Yutaka Kamada, the Japanese home team project manager and Pietro Barabaschi, the European home team project manager and acting Director of Fusion for Energy, welcomed the guests and acted as masters of ceremony. Addresses by high ranking representatives of the Japanese government, European Embassies and the European Commission expressed satisfaction with the contributions of all institutions involved, and drew attention to the mutual trust that had developed between the partners. Finally the Project Leader of JT-60SA, Hiroshi Shirai, gave an overview of the state of the project. After a tree planting ceremony, guided tours of the site offered visitors the opportunity to see for themselves the state of technical achievements in the different areas.
Several important milestones of the JT-60SA project was celebrated by some 200 high-level European and Japanese guests at the JT-60SA project site in Naka, Japan.
The first achievement concerned the assembly of 17 out of 18 sectors of the plasma vessel (the double-walled vacuum vessel which will enclose the 100 million degrees hot plasma).

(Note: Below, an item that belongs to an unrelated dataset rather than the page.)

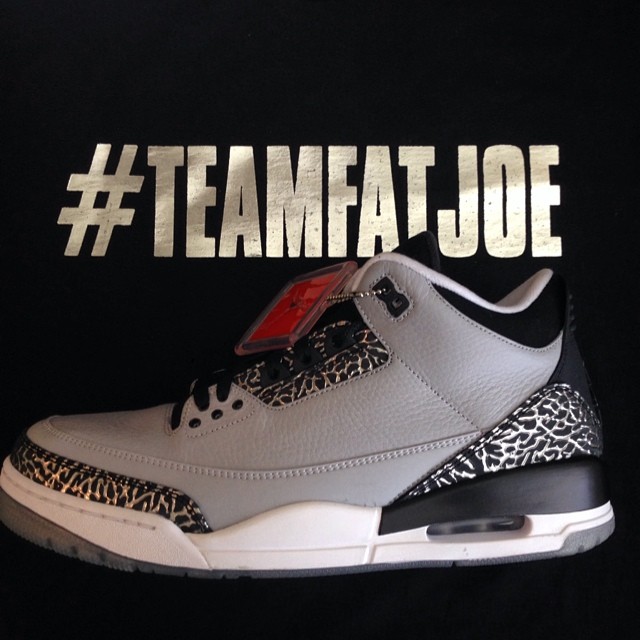 Fat Joe Picks Up Air Jordan III 3 Wolf Grey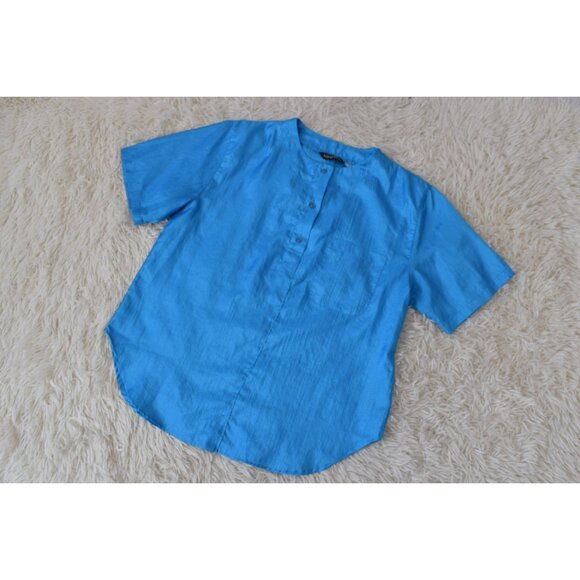 Vintage 80s Pullover Polyester Blouse size‎ M - Picture 7 of 10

This large vessel 6.6 m high and 10 m in diameter was manufactured by Toshiba as part of JAEA´s contribution to the JT-60SA project. All stringent pressure and leak tests have been passed successfully and all tight manufacturing tolerances have been maintained.
The second achievement was the completion of the installation and testing of the quench protection system for the superconducting coils, which create a magnetic bottle to confine the plasma for the fusion reaction. If, for whatever reason, part of the coils stop being superconducting, the quench protection system avoids overheating of the coils by immediately discharging their stored electromagnetic energy into a set of resistors. The system is composed of 13 units applying the most advanced hybrid mechanical-static circuit breaker technology to interrupt currents of more than 25 kA at voltages of about 5 kV. It was procured by Italian CNR acting through Consorzio RFX in Padua. The contractor was Nidec ASI company. The system has just been installed and commissioned at JAEA, and the acceptance tests are being completed in April according to the agreed schedule before ownership is transferred to JAEA.

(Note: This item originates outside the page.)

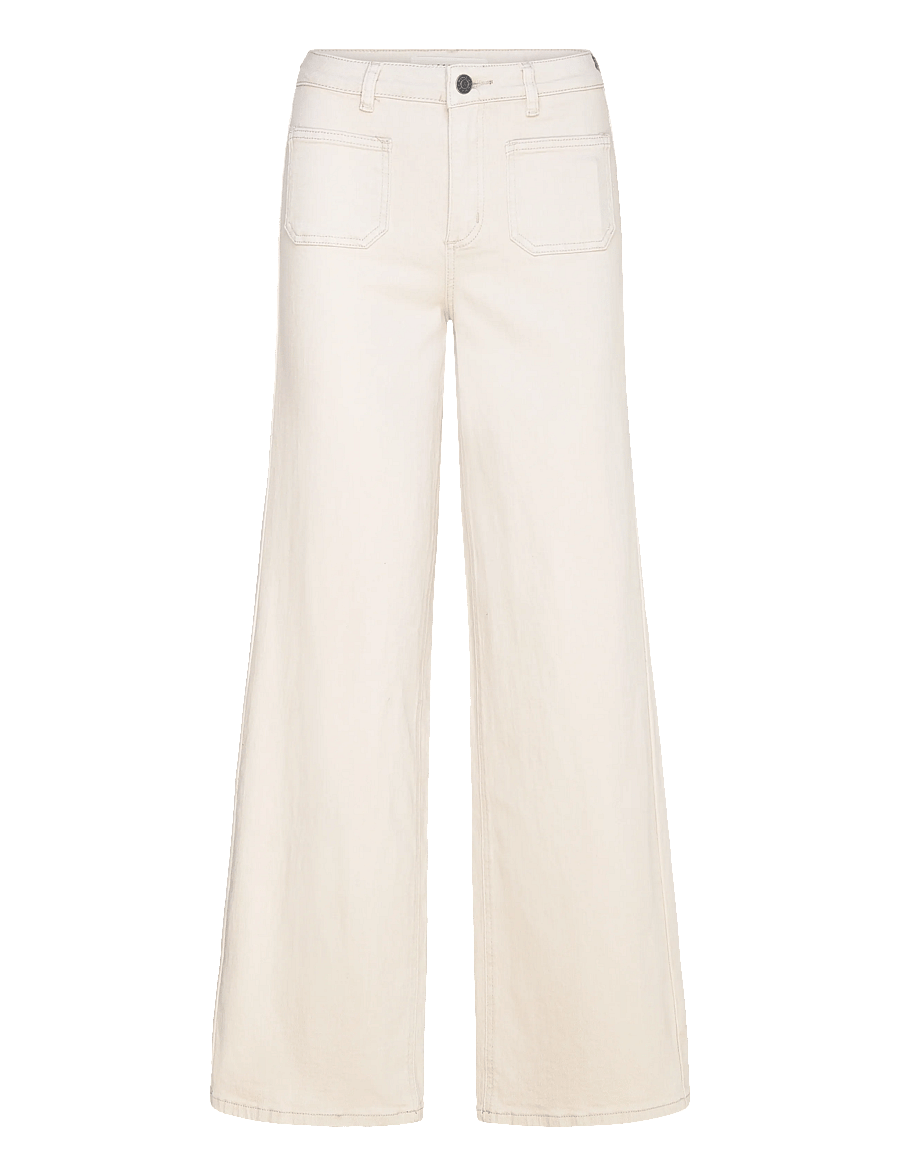 Kaffe - KAbrook HW Reg Fit Jeans - vida jeans - moonbeam - 1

The third achievement was the arrival of the main subsystems of the cryogenic system on site. The cryogenic system is a very powerful fridge able to reach temperatures close to absolute zero (-269 degrees C). This system is provided by the French CEA Grenoble through their contractor Air Liquide Advanced Technologies. The main duty of the cryogenic system is to maintain the magnetic coils in a superconducting state. At the end of March all subsystems of the cryogenic system arrived in Japan and are now being assembled and commissioned. Just beforehand, again on schedule, JAEA finished construction of a new compressor building and the refurbishment of an existing hall for the refrigerator coldboxes.

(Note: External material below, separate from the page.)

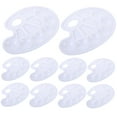 thumbnail image 4 of FRCOLOR 10 Pcs Paint Trays Palette Color Mixing Plate Child 22.5x16.8x1.2cm White, 4 of 8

The electrical connection between the warm power cables of the magnet power supply and the cold superconducting electrical network of the coils is realised by special helium-cooled connectors, so-called current leads. Twenty-six such current leads are being developed, manufactured and tested in a dedicated test facility by Karlsruhe Institute of Technology (KIT) in Germany. The current leads use high-temperature superconductor (HTS) tapes to reduce the resistive losses while creating a thermal barrier to reduce the heat flow to the very cold electrical networks. After their successful test at nominal operation conditions, KIT delivered the first two HTS current leads very recently to JAEA – the fourth achievement. The remaining current leads are in different advanced stages of construction and testing and will be delivered subsequently.
The first two HTS current leads delivered by KIT.